Here is how platforms die: first, they are good to their users; then they abuse their users to make things better for their business customers; finally, they abuse those business customers to claw back all the value for themselves. Then, they die.

Recommended.

We might think that this process will not affect the world of academia.  But we would be wrong. For this very morning I found another article, by Karawynn Long, on how precisely the same process is now affecting public libraries in the US and Canada: The Coming Enshittification of Public Libraries: Global investment vampires have positioned themselves to suck our libraries dry.

Ignore the first four paragraphs.  The next few summarise the Doctorow article.  But then… it gets interesting.

Well, if you use a public library in the United States or Canada, and you ever access their ebooks or audiobooks, you’re almost certainly familiar with the OverDrive platform or its mobile app Libby.  That’s because OverDrive, a private corporation, has a monopoly on managing the availability and distribution of ebooks and audiobooks for government-funded public libraries in North America. …
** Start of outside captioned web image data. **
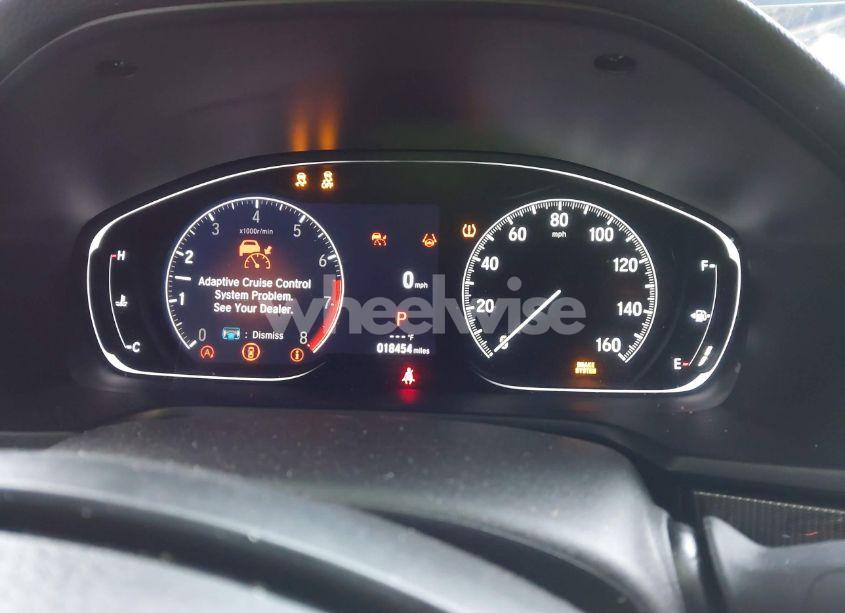 Photo 7 of 2022 Honda Accord SPORT (VIN 1HGCV1F38NA072539)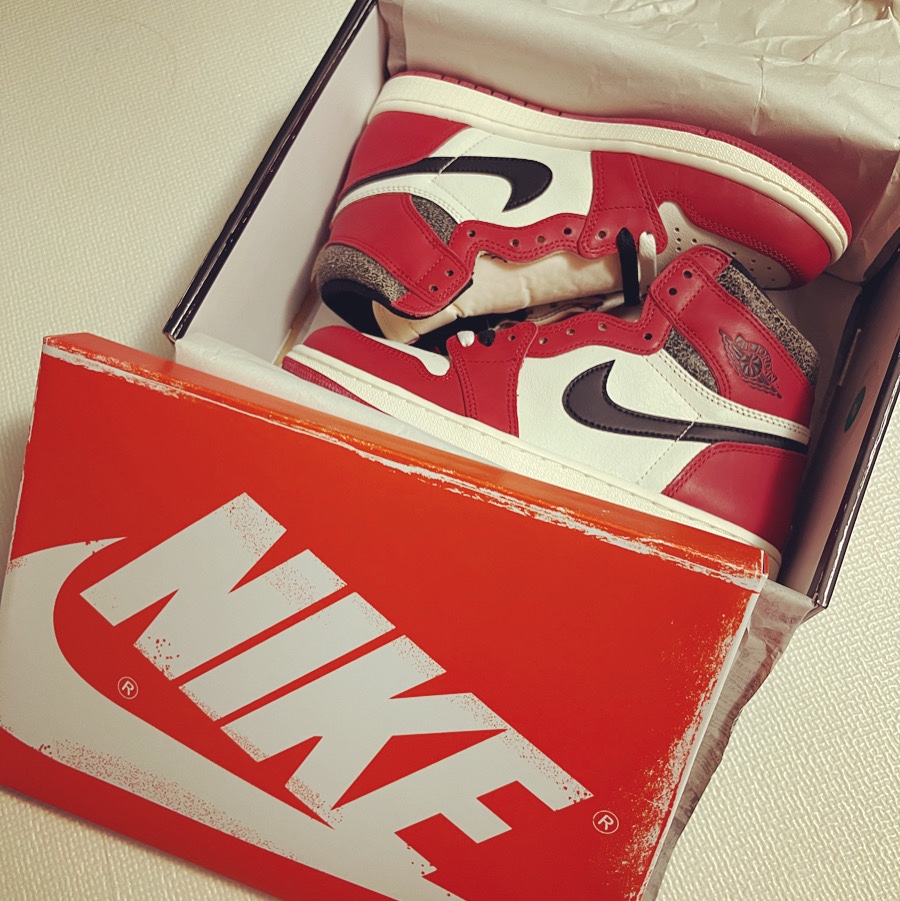 Jordan 1 Retro High OG Chicago 2022 착용 스타일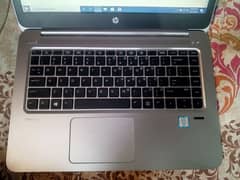 Hp Elitebook Folio 1040 G3 - Core i7 6th Generation - 14" FHD IPS 0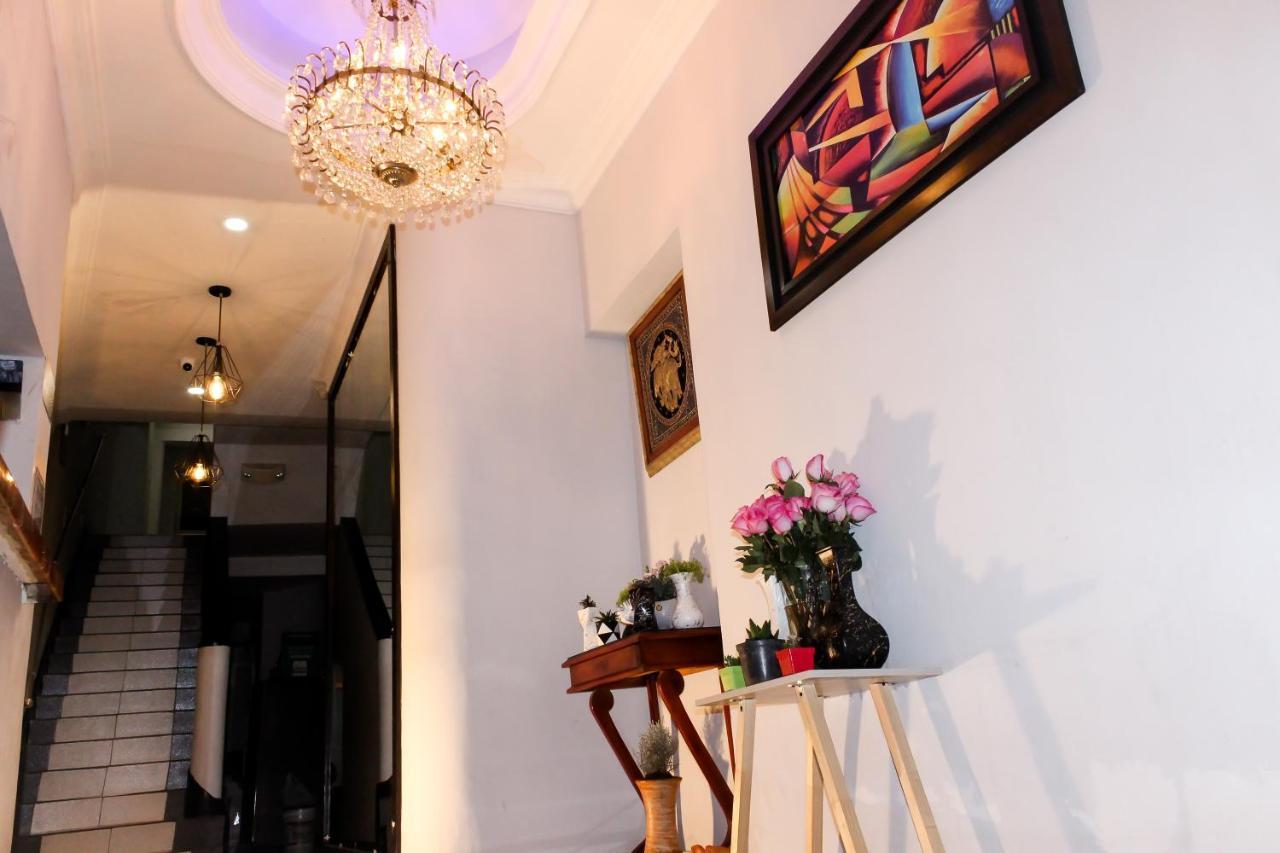 Hotel Los Cerros De Bogotá Eksteriør billede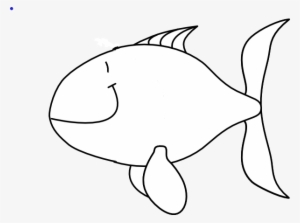 Stupid Fish Clip Art At Clker - Sad Yellow Fish Clipart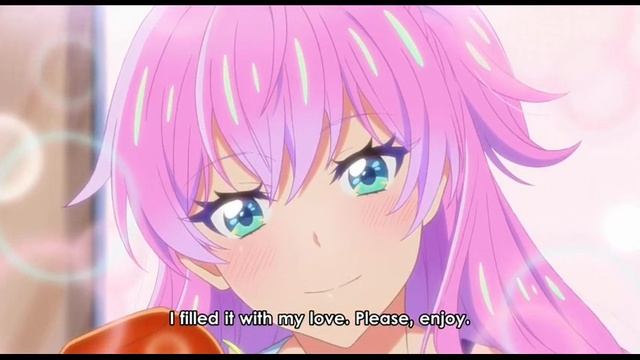 The Lovers Share a Love Omelet | More than a Couple, Less than Lovers S1:EP1 смотреть онлайн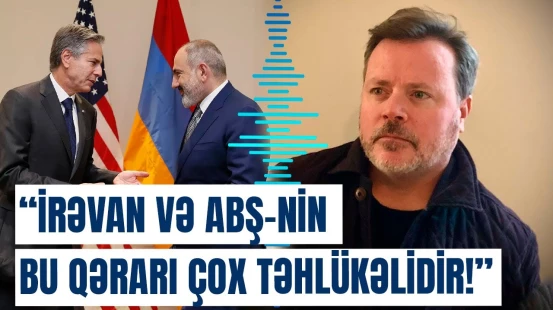 ABŞ Qafqaza müdaxiləni dayandırmasa... | İrəvanı gözləyən təhlükə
I saw that in June 2020, OverDrive was sold to global investment firm KKR…

Even in the world of investment capital, where evil is arguably banal, KKR is notoriously vile. They are the World Champions of Grabbing All The Money And Leaving Everyone Else In The Shit.

“In the popular imagination, private equity is often portrayed as a vulture, or some other scavenger that feasts on the sick and dying,” writes Hannah Levintova in Mother Jones. “But the bulk of the work done by modern-day private equity firms is not to finish off sick companies, but rather to stalk and gut the healthy ones.”

Calling them “vampire capitalists” would be more accurate.

Enshittified platforms are not an accidental outcome; they are just one of the inevitable dessicated corpses the vampires leave behind.

And these vampire capitalists currently have a chokehold on the digital catalogs of the public library systems of North America.

Again, if you can wade through the article, it will be enlightening.  The term “enshittification” seems to have caught on, and I wouldn’t be at all surprised if it starts to shape policy.